[Stored records]
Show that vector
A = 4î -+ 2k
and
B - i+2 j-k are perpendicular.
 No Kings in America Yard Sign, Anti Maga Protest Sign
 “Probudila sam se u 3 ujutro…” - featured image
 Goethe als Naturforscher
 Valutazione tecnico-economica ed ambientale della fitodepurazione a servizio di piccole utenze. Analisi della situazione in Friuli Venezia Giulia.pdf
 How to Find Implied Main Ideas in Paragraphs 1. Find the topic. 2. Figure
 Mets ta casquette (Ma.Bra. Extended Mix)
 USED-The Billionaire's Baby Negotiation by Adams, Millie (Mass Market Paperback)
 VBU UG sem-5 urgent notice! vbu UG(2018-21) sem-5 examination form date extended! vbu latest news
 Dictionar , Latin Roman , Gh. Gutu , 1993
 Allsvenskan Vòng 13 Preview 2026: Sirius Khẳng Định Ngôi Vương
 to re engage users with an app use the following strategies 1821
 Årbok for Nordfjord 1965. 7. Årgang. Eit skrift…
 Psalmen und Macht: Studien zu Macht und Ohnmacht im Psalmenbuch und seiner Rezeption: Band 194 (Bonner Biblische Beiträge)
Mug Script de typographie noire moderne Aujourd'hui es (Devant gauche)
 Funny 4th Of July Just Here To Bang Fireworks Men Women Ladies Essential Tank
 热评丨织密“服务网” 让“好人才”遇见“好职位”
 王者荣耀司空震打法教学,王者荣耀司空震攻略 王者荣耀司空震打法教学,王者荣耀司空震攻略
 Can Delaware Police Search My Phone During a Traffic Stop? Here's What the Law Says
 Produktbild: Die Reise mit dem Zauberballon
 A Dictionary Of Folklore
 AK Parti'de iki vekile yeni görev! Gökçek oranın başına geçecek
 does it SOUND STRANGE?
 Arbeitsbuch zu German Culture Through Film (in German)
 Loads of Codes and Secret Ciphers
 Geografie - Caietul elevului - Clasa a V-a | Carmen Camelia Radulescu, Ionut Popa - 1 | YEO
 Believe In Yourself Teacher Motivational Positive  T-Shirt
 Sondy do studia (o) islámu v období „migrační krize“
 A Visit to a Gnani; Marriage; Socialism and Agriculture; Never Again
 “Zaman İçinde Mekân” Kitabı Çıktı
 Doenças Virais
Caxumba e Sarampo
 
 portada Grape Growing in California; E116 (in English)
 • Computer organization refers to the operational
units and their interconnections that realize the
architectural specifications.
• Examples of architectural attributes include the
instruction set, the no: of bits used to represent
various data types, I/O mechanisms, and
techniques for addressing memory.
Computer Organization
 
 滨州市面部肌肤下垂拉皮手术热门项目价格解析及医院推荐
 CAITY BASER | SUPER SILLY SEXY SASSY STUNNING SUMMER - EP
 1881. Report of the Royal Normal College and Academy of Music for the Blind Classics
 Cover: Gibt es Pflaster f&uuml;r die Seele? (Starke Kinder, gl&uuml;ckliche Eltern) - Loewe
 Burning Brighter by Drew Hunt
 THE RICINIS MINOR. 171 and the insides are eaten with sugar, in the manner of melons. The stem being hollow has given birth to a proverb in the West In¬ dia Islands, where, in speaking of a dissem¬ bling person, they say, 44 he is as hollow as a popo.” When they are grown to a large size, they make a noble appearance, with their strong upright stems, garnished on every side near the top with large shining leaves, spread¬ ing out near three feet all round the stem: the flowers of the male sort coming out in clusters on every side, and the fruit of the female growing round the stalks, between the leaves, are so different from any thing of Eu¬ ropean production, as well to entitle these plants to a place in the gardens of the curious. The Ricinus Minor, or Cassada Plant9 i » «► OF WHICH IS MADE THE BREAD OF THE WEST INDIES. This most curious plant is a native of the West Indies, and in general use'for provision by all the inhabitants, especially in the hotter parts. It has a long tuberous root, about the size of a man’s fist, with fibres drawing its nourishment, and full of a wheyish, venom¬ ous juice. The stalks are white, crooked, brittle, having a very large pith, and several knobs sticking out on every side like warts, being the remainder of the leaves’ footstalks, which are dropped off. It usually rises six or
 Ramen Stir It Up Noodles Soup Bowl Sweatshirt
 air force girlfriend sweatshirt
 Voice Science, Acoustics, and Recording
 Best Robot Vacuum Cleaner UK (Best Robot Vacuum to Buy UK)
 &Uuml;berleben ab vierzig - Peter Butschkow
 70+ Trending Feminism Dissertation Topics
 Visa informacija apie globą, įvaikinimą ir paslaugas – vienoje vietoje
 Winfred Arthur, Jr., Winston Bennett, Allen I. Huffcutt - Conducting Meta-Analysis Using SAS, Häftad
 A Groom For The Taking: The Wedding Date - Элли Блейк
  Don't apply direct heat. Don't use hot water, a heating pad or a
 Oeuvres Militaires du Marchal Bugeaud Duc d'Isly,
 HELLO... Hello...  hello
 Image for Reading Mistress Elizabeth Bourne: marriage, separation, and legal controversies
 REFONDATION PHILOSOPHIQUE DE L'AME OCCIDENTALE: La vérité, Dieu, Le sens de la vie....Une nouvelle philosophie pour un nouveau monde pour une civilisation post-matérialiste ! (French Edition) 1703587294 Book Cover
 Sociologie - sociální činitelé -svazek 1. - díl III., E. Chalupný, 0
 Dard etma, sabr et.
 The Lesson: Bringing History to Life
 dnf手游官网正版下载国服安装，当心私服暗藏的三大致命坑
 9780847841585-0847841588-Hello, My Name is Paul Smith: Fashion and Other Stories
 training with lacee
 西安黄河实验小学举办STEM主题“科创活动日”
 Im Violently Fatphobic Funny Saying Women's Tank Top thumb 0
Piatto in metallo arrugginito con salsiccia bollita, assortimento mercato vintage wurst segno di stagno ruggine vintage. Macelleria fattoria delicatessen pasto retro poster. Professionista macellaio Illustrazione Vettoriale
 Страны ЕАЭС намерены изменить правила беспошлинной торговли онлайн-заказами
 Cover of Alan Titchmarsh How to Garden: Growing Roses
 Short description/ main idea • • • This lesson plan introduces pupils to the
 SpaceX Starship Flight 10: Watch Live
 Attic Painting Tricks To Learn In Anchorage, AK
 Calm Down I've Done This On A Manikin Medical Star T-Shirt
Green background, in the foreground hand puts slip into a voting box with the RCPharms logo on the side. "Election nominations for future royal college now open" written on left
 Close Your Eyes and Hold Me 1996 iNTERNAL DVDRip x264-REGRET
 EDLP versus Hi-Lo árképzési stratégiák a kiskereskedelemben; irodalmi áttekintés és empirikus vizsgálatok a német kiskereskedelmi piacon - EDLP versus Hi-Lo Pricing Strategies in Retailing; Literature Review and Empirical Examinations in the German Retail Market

Task description
Lines to set down from above: the line with "A = 4î -+ 2k", the line with "Loads of Codes and Secret Ciphers", and every line between, each exactly as written.

Answer box
A = 4î -+ 2k
and
B - i+2 j-k are perpendicular.
 No Kings in America Yard Sign, Anti Maga Protest Sign
 “Probudila sam se u 3 ujutro…” - featured image
 Goethe als Naturforscher
 Valutazione tecnico-economica ed ambientale della fitodepurazione a servizio di piccole utenze. Analisi della situazione in Friuli Venezia Giulia.pdf
 How to Find Implied Main Ideas in Paragraphs 1. Find the topic. 2. Figure
 Mets ta casquette (Ma.Bra. Extended Mix)
 USED-The Billionaire's Baby Negotiation by Adams, Millie (Mass Market Paperback)
 VBU UG sem-5 urgent notice! vbu UG(2018-21) sem-5 examination form date extended! vbu latest news
 Dictionar , Latin Roman , Gh. Gutu , 1993
 Allsvenskan Vòng 13 Preview 2026: Sirius Khẳng Định Ngôi Vương
 to re engage users with an app use the following strategies 1821
 Årbok for Nordfjord 1965. 7. Årgang. Eit skrift…
 Psalmen und Macht: Studien zu Macht und Ohnmacht im Psalmenbuch und seiner Rezeption: Band 194 (Bonner Biblische Beiträge)
Mug Script de typographie noire moderne Aujourd'hui es (Devant gauche)
 Funny 4th Of July Just Here To Bang Fireworks Men Women Ladies Essential Tank
 热评丨织密“服务网” 让“好人才”遇见“好职位”
 王者荣耀司空震打法教学,王者荣耀司空震攻略 王者荣耀司空震打法教学,王者荣耀司空震攻略
 Can Delaware Police Search My Phone During a Traffic Stop? Here's What the Law Says
 Produktbild: Die Reise mit dem Zauberballon
 A Dictionary Of Folklore
 AK Parti'de iki vekile yeni görev! Gökçek oranın başına geçecek
 does it SOUND STRANGE?
 Arbeitsbuch zu German Culture Through Film (in German)
 Loads of Codes and Secret Ciphers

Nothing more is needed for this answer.